The Large Magellanic Cloud (LMC) is a dwarf satellite galaxy of our Milky Way, located about 170.000 light years away and showing us its face. New, massive stars are formed at a high rate in the LMC, and it harbors numerous massive stellar clusters. The LMC’s supernova rate relative to its stellar mass is five times that of our Galaxy. The youngest supernova remnant in the local group of galaxies, SN 1987A, is also a member of the LMC. Therefore, the H.E.S.S. scientists dedicated significant observation to searching for very high-energy gamma rays from this cosmic object.

For a total of 210 hours, H.E.S.S. has observed the largest star-forming region within the LMC called Tarantula Nebula. For the first time in a galaxy outside the Milky Way, individual sources of very high-energy gamma rays could be resolved: three extremely energetic objects of different types.

The so-called superbubble 30 Dor C is the largest known X-ray-emitting shell and appears to have been created by several supernovae and strong stellar winds. Superbubbles are broadly discussed as (complementary or alternative to individual supernova remnants) factories where the galactic cosmic rays are produced. The H.E.S.S. results demonstrate that the bubble is a source of, and filled by, highly energetic particles. The superbubble represents a new class of sources in the very high-energy regime.

Pulsars are highly magnetized, fast rotating neutron stars that emit a wind of ultra-relativistic particles forming a nebula. The most famous one is the Crab Nebula, one of the brightest sources in the high-energy gamma-ray sky. The pulsar PSR J0537−6910 driving the wind nebula N 157B discovered by the H.E.S.S. telescopes in the LMC is in many respects a twin of the very powerful Crab pulsar in our own Galaxy. However, its pulsar wind nebula N 157B outshines the Crab Nebula by an order of magnitude, in very high-energy gamma rays. Reasons are the lower magnetic field in N 157B and the intense starlight from neighboring star-forming regions, which both promote the generation of high-energy gamma rays.

The supernova remnant N 132D, known as a bright object in the radio and infrared bands, appears to be one of the oldest – and strongest – supernova remnants still glowing in very high-energy gamma rays. Between 2500 and 6000 years old – an age where models predict that the supernova explosion front has slowed down and it ought no longer to be efficiently accelerating particles – it still outshines the strongest supernova remnants in our Galaxy. The observations confirm suspicions raised by other H.E.S.S. observations, that supernova remnants can be much more luminous than thought before.

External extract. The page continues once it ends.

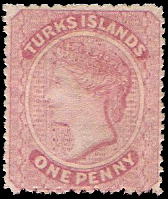 1873 Turks Island QV No.4 CV $58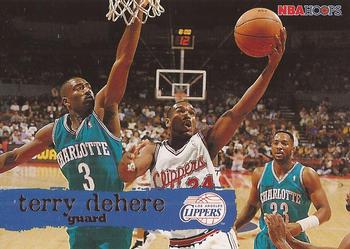 1995-96 Hoops #71 Terry Dehere Front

Observed at the limits of detectability, and partially overlapping with each other, these new sources challenged the H.E.S.S. scientists. The discoveries were only possible due to the development of advanced methods of interpreting the Cherenkov images captured by the telescopes, improving in particular the precision with which gamma-ray directions can be determined.

Indeed, the new H.E.S.S. II 28 m telescope will boost the performance of the H.E.S.S. telescope system, and in the more distant future the planned Cherenkov Telescope Array (CTA) will provide even deeper and higher-resolution gamma-ray images of the LMC – in the plans for science with CTA, the satellite galaxy is already identified as a “Key Science Project” deserving special attention.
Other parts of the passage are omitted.